Next, the description of themes for problem number 2 are T2_1 (mistakes in mathematical modelling), T2_2 (inability to follow procedures in operating fractions), T2_3 (obstacles related to prerequisite material), T2_4 (inability to create mathematical models), and T2_5 (uncertainty).

For T2_1 and T2_4, students indicated that they needed help understanding the questions as they were not accustomed to solving word problems in mathematics. Based on the interview analysis, students facing T2_1 and T2_4 themes were found to struggle with mathematical modeling due to limited experience with word problems. Additionally, students encountering T2_2 and T2_3 themes needed to recall prerequisite procedures and materials for operating fractions, which was confirmed during the interviews. Regarding the T2_5 theme, students expressed uncertainty, leading them to provide two alternative answers. These interviews highlighted several learning barriers faced by the students, such as limited exposure to word problems, difficulty understanding prerequisite concepts for operating fractions, and uncertainties in their answers (related to problem 2).

DISCUSSION

Based on the findings of previous research, it is evident that students are facing learning obstacles due to carelessness when working on problem number 1. When considering theories related to types of learning barriers (Brousseau, 2002; Suryadi, 2019b, 2019a), it can be concluded that the learning barriers experienced by students for problem number 1 are psychological ontogenic obstacles.
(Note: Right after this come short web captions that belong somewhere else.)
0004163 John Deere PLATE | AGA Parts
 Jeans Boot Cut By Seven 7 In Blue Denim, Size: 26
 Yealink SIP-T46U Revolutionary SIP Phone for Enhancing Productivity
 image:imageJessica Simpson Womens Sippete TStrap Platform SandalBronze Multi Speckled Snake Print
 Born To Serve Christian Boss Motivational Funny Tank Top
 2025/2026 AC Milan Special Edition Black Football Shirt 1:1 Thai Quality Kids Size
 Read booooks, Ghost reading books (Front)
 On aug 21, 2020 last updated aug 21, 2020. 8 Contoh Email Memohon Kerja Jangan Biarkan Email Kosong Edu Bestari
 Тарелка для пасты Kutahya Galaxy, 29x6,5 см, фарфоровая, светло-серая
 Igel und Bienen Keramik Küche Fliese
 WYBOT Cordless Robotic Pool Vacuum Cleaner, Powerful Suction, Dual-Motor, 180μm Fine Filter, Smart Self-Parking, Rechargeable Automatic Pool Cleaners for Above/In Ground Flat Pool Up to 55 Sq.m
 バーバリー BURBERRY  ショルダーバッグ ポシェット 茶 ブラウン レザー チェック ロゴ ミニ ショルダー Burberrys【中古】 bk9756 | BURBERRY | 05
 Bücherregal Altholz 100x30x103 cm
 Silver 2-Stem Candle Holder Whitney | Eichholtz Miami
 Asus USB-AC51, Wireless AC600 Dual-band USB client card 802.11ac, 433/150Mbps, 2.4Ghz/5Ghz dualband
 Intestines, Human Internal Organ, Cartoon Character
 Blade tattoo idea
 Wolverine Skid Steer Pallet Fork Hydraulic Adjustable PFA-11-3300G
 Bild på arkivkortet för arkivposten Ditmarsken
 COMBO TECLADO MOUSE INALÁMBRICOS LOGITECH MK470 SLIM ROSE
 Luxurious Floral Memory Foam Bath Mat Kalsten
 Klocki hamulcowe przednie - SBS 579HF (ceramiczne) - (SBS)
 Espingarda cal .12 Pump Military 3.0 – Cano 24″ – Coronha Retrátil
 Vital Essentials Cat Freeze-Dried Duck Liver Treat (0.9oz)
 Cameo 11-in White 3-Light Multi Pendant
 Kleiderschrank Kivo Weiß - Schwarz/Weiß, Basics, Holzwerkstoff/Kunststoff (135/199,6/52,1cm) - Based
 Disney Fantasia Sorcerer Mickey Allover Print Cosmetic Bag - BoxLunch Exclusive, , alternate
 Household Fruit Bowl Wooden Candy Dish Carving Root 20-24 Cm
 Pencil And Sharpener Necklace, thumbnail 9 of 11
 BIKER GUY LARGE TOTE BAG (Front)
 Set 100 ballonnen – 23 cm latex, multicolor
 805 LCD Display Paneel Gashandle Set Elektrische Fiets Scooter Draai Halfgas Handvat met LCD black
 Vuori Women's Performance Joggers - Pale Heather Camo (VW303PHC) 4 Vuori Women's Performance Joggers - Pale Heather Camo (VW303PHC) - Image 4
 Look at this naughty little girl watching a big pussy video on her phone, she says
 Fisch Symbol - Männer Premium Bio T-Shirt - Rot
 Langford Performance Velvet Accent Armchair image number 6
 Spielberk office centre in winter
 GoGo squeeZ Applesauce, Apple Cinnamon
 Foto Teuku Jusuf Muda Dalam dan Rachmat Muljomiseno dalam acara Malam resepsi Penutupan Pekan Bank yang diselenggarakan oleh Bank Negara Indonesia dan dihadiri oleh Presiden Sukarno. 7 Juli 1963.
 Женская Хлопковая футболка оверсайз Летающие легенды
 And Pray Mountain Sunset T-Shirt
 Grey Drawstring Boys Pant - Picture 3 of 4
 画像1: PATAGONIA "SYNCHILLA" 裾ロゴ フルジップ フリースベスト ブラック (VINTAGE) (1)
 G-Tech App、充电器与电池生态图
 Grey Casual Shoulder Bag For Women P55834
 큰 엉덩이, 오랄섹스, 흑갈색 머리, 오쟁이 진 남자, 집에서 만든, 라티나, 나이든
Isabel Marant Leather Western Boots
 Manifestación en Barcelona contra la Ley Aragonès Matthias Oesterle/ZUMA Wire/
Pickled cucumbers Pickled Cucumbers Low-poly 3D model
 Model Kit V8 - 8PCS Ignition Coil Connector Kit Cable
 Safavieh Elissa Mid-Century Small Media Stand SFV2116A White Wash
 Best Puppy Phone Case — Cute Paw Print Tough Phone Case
This conclusion is drawn from the fact that students tend to be more cautious when approaching problem number 1, leading to correct processes and results. Students can perform well on the task when they approach it calmly. These results align with theories indicating that psychological or emotional calmness is essential for success in a lesson, including being cautious while studying and working on problems (Baylor et al., 1999; Cohen & Sherman, 2014; Critcher & Dunning, 2015; Gulevska & Atanasoska, 2015; Ioannidou & Konstantikaki, 2008; Purnamayanthi et al., 2022; Reskina & Kartini, 2022; Yulika et al., 2019). The findings of this study further support previous research (Fauzi & Suryadi, 2020; Isnawan, 2022; S. K. Rohmah, 2019; Ulfa et al., 2021), which suggests that students tend to encounter learning barriers with psychological ontogenic obstacles.

Regarding problem number 2, when considering theories related to types of learning barriers, the results indicate that students in this study are experiencing various types of learning barriers:

Students are experiencing epistemological obstacles as learning barriers because they have limited methods of learning fractions at school. They are not accustomed to dealing with word problems when learning fractions or mathematics.

Students are facing conceptual ontogenic obstacles as learning difficulties. This is because they require a deeper understanding of the concepts or prerequisite material needed for learning fraction multiplication.

Students are encountering ontogenic obstacles of a psychological nature as learning barriers because they tend to have doubts when making decisions about the procedures or answers they choose and use while solving problems or learning.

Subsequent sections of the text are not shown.